The sublime hubris of Tropical Modernism
- April 4, 2024
- Wessie du Toit
Tropical Modernism symbolised the ill-judged policies of rapid, state-led economic development that followed decolonisation.
In December 1958 an All-African People’s Conference was held in Accra, capital of the newly independent Ghana. It brought together delegates from 28 African countries, many of them still European colonies. Their purpose, according to Ghanaian prime minister Kwame Nkrumah, was ‘planning for a final assault upon Imperialism and Colonialism’, so that African peoples could be free and united in the ‘economic and social reconstruction’ of their continent. Above the entrance of the community centre where the conference took place, there was a mural which seemed to echo Nkrumah’s sentiment. Painted by the artist Kofi Antubam, it showed four standing figures along with the slogan: ‘It is good we live together as friends and one people.’
The building was a legacy of Ghana’s own recent colonial history. During the 1940s the UK government’s Colonial Development and Welfare fund had decided to build a number of community centres in what was then the Gold Coast. Most of the funding would come from British businesses active in the region, and the spaces would provide a setting for recreation, education and local administration. The Accra Community Centre, neatly arranged around two rectangular courtyards with colonnaded walkways, was designed by the British Modernist architects Jane Drew and Maxwell Fry. Antubam’s mural calling for amity reads somewhat differently if we consider the circumstances in which it was commissioned. The United Africa Company, the main sponsor of the project, was trying to repair its public relations after its own headquarters had been torched in a protest against price fixing.
The Accra Community Centre is emblematic of the ambiguous role played by Modernist architecture in the immediate post-colonial era. Like so many ideas embraced by the elites of newly independent states, Modernism was a western, largely European doctrine, repurposed as a means of asserting freedom from European rule. ‘Tropical Modernism’, a compelling exhibition at London’s V&A, tries to document this paradoxical moment in architectural history, through an abundance of photographs, drawings, letters, models and other artefacts.
Drew and Fry are the exhibition’s main protagonists, an energetic pair of architects who struggled to implement their vision in Britain but had more success in warmer climes. In addition to the community centre in Accra, they designed numerous buildings in West Africa, most of them educational institutions in Ghana and Nigeria. In the course of this ‘African experiment’, as Architectural Review dubbed it in 1953, they developed a distinctive brand of Modernism, of which the best example is probably Ibadan University in Nigeria. It consisted of horizontal, geometric volumes, often raised on stilts, with piers running rhythmically along their facades and, most characteristically, perforated screens to guard against the sun while allowing for ventilation.

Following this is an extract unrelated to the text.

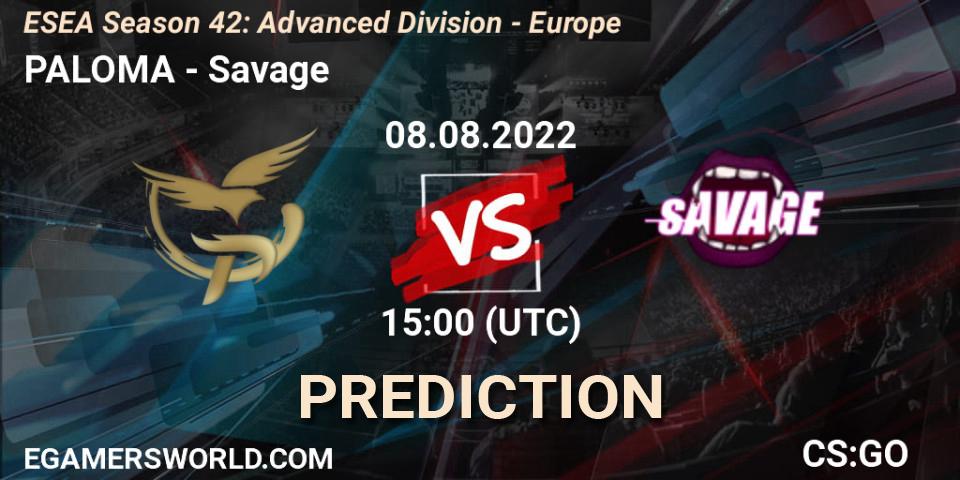 PALOMA contre Savage : prédiction de match. 08.08.2022 at 15:00. Counter-Strike (CS2), ESEA Season 42: Advanced Division - Europe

On the basis of this work, Drew and Fry were invited to work on the planning of Chandigarh, the new capital of the state of Punjab in India, which had just secured its own independence from Britain. Here they worked alongside Le Corbusier, the leading Modernist architect, on what was undoubtedly one of the most influential urban projects of the 20th century. Drew and Fry also helped to establish Tropical Architecture courses at London’s Architectural Association and MIT in Massachusetts, where many architects from post-colonial nations would receive training.
Not that those students passively accepted what they were taught. The other major theme of the exhibition concerns the ways that Indian and Ghanaian designers adopted, adapted and challenged the Modernist paradigm, and the complex political atmosphere surrounding these responses. Both Nkrumah and Jawaharlal Nehru, India’s first prime minister, preferred bold and bombastic forms of architecture to announce their regimes’ modernising aspirations. This Le Corbusier duly provided, with his monumental capitol buildings at Chandigarh, while Nkrumah summoned Victor Adegbite back from Harvard to design Accra’s Black Star Square. In India, however, figures such as Achyut Kavinde and Raj Rewal would in the coming decades forge their own modern styles, borrowing skilfully from that country’s diverse architectural traditions. At Ghana’s own design school, KNUST, it was the African American architect J Max Bond who encouraged a similar approach to national heritage, telling students to ‘assume a broader place in society, as consolidators, innovators, propagandists, activists, as well as designers’.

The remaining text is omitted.